Saibei jixing 塞北紀行, also called Zhang Dehui jixing 張德輝紀行, or just Jixing 紀行, and during the Ming period 明 (1368-1644) Bianhou jixing 邊堠紀行 (as in the collection Xu shuofu 繼說郛) or Lingbei jixing 嶺北紀行, is a short account on Mongolia from the early Yuan period 元 (1279-1368) written by Zhang Dehui 張德輝 (1195-1274), courtesy name Yaoqing 耀卿, style Yizhai 頤齋, from Jiaocheng 交城 near Taiyuan 太原 (today in Shanxi).
He served the Jin dynasty 金 (1115-1234) in the Censorate (yushitai 御史臺), and then became a registrar (jingli 經歷) of Shi Tianze 史天澤 (1202-1275), commander of Zhending 真定 (today's Zhengding 正定, Hebei). In 1266 he was appointed consultant in the Palace Secretariat (canyi zhongshusheng shi 參議中書省事). Under the rule of Qubilai Qaɣan (Yuan Shizu 元世祖, r. 1260-1294), Zhang was made a Confucian lecturer of the emperor.
His book is a report on Zhang's participation in a travel to Mongolia to welcome Qubilai in 1247. The opening fascicle (juanshou 卷首) is missing. The text covers a journey of ten ten months and speaks of the landscape, mentions the remains of the Great Wall, military posts and fortifications of the Kitans, the pleasure palace of a princess, local tribes, the appearance of the Gobi Desert, and observations of agriculture.
The afterword (ba 跋) written by Hu Xiangrong 胡祥鑅 (jinshi degree 1898) adds information from contemporary authors and is thus of critical value. The first Western scholar interested in this book was the Archimandrite Palladij, Pjotr I. Kafarov (1817-1878), who wrote a critical translation.
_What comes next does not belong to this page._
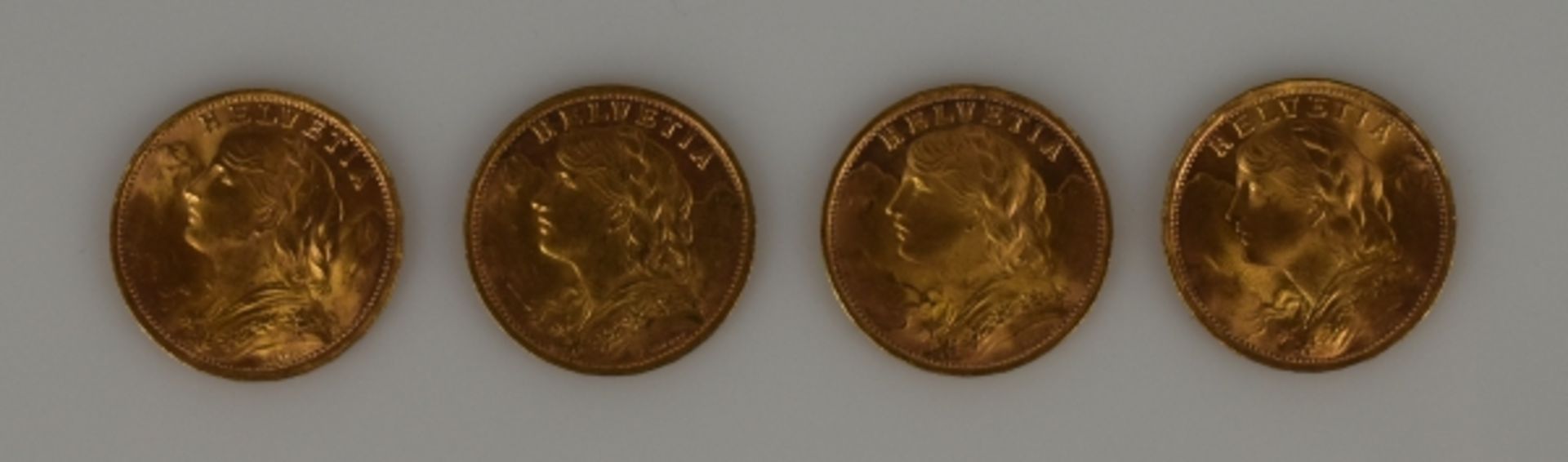 4 GOLDMÜNZEN 20 Fr. (Vreneli) Schweiz 1935 (4x), 25,8g - Bild 2 aus 2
The text is found in the series Huangchao fanshu yudi congshu 皇朝藩屬輿地叢書. It is accidentally integrated into the writings of Wang Yun 王惲 (1227-1304), Qiujian ji 秋澗集 (100 Yutang jiahua 玉堂嘉話), and is partially cited by Su Tianjue 蘇天爵 (1294-1352) in his biographical collection Yuanchao mingchen shilüe 元朝名臣事略.